If you want a sneak peek of what Alexa will do in the future, all you have to do is take a look at yourself. Toni Reid, Amazon's VP of Alexa Experience, tells The Ambient that one of the things Amazon does when designing features for Alexa is to ask "what would a human do?"
"You kind of have to put yourself in a different mindset and let the technology go away for a while and just think about 'how do we design this and what would a human do in this instance?'" she says.
Making Alexa human
If someone whispers to you, you naturally understand they're doing it for a reason. The actual reason doesn't matter too much, but you instantly recognise the context and start whispering back. Creating that human feel is what Amazon wants to do with Alexa.
But actually creating that human-like feel is difficult. For Whisper Mode, Amazon's scientists had to go in and figure out how human vocal chords work when people are whispering. They found out that whispering doesn't involve the vibration of the vocal chords, and that it uses less energy in the lower frequencies of the human voice, according to Amazon speech scientist Zeynab Raeesy. They had to teach Alexa to figure out those signifiers and adjust to them.
The problem is similar for Alexa Guard, which needs to be able to isolate sounds and identify them. It needs to be able to figure out that a dropped plate or a dropped drinking glass is not the same as a shattered window pane. Chieh-Chi Kao and Weiran Wang, Amazon applied scientists, say they had to use machine learning to analyse 30-second snippets of audio to help teach Alexa.
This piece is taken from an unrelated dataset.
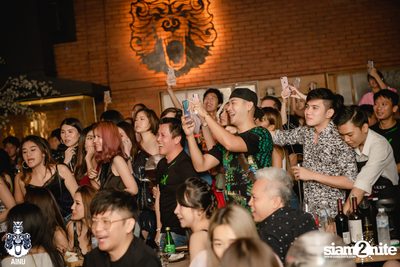 Oat Pramote at AINU Bar — photo 116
Amazon can make Alexa as contextual as it likes, but one of the more frustrating things about Alexa β and voice assistants in general β is how they can feel rigid when using third-party skills. You often have to say things in a non-human way, like, "Alexa, ask iRobot Home to clean the kitchen" when you just want to say, "Alexa, clean the kitchen." One way to do this is for Amazon to give developers access to Alexa's more advanced abilities via APIs, which are basically keys that allow developers to use another company's tech.
"It's super important to get those APIs out and get that experience distributed so that thousands of developers can invent and have some of the experiences that we do," Reid says. The more access developers have to Alexa and its contextual features, the better their skills, which means Alexa could sound and act less robotic.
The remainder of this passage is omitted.